■ WHAT TO DO ■
When the line containing "Notebook Asus VivoBook" is found in the data below, copy it and each line after it through the line containing "EPSON Air Filter ELPAF41 for NEW EB-19", exactly and with no others.

■ DATASET EXCERPTS ■
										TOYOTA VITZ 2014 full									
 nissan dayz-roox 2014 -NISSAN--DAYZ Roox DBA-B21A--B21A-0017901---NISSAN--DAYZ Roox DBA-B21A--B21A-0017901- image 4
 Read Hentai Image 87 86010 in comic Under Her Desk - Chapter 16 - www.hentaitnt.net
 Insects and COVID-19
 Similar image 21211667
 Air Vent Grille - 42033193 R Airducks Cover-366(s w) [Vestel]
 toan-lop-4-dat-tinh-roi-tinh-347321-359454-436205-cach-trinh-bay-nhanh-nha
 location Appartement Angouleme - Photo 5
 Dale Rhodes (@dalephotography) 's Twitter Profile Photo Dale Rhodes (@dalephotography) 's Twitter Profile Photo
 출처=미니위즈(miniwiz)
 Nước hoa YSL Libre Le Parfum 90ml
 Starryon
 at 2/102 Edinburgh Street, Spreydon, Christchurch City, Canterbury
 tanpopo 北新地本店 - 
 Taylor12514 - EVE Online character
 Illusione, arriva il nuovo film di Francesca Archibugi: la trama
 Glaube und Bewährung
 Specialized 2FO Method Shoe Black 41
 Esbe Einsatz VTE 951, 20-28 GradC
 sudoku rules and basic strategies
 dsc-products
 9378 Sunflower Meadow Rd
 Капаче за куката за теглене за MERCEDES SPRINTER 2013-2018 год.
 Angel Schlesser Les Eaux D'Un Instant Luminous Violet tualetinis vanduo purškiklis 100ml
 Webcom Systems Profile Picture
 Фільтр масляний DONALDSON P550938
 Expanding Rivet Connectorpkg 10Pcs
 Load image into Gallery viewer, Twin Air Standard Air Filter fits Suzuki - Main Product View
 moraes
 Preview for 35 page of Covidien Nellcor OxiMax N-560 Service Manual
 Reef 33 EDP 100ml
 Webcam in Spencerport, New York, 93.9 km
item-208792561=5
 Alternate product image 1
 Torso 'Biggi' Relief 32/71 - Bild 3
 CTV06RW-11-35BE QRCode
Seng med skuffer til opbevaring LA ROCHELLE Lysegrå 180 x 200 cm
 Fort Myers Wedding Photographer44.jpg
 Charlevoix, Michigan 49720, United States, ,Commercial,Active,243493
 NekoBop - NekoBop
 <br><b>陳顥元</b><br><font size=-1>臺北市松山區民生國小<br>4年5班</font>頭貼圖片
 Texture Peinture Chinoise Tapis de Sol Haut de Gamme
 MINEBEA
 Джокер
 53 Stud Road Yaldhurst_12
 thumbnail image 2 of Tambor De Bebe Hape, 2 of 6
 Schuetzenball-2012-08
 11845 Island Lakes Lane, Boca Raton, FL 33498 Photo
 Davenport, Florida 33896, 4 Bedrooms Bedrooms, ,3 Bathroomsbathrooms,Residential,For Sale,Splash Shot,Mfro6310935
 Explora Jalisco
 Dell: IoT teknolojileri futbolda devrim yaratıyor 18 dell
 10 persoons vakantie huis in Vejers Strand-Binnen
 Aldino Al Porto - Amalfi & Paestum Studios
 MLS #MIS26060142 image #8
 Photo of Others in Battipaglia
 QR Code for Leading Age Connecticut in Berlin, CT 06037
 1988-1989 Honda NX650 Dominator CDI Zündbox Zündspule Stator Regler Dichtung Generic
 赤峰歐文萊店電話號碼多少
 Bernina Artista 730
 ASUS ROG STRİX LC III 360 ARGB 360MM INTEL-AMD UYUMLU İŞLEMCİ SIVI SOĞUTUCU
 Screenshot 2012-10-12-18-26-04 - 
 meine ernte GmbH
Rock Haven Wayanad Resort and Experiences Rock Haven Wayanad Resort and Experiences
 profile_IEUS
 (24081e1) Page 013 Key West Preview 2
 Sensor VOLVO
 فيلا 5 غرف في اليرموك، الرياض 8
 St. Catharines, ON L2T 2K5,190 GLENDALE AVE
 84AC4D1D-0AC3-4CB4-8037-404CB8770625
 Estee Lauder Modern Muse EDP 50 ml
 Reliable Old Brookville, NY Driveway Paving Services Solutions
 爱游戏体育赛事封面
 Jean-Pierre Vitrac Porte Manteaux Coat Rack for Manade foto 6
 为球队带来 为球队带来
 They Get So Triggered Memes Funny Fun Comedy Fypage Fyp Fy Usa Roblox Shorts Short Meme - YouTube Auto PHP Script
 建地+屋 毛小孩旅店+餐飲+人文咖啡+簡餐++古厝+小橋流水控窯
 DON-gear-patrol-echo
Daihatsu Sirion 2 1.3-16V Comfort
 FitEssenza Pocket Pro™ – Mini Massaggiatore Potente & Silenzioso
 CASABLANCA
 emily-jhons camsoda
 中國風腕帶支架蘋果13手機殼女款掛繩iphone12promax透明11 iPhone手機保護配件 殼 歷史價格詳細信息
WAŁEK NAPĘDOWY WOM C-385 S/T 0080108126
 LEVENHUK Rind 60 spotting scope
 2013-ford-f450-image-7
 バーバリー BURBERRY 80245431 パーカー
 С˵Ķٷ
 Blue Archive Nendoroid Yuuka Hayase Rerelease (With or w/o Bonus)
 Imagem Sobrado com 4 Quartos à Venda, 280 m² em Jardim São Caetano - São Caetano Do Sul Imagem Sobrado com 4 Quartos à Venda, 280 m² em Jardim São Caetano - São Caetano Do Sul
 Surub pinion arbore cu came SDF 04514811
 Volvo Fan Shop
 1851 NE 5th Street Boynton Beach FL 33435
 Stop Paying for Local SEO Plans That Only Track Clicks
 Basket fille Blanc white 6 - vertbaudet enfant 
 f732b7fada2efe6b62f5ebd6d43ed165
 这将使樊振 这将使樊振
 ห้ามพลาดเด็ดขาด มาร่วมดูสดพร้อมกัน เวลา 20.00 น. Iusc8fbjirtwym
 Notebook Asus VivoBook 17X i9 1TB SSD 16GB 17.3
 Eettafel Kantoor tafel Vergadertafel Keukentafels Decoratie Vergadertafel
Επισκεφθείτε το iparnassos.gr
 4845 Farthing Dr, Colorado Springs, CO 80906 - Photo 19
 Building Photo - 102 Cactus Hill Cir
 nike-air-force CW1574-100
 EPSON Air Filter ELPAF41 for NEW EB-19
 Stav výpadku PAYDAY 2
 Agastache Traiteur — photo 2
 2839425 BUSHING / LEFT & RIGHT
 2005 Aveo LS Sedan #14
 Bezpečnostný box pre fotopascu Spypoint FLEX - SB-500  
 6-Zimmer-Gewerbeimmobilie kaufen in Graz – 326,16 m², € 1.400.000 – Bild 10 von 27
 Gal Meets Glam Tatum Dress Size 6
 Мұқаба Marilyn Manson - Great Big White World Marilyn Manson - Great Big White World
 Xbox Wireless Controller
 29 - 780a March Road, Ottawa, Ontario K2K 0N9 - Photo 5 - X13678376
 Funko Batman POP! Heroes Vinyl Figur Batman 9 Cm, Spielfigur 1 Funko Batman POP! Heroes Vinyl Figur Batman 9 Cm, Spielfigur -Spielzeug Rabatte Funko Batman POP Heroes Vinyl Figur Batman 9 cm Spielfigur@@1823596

■ PROBLEM SOLUTION ■
 Notebook Asus VivoBook 17X i9 1TB SSD 16GB 17.3
 Eettafel Kantoor tafel Vergadertafel Keukentafels Decoratie Vergadertafel
Επισκεφθείτε το iparnassos.gr
 4845 Farthing Dr, Colorado Springs, CO 80906 - Photo 19
 Building Photo - 102 Cactus Hill Cir
 nike-air-force CW1574-100
 EPSON Air Filter ELPAF41 for NEW EB-19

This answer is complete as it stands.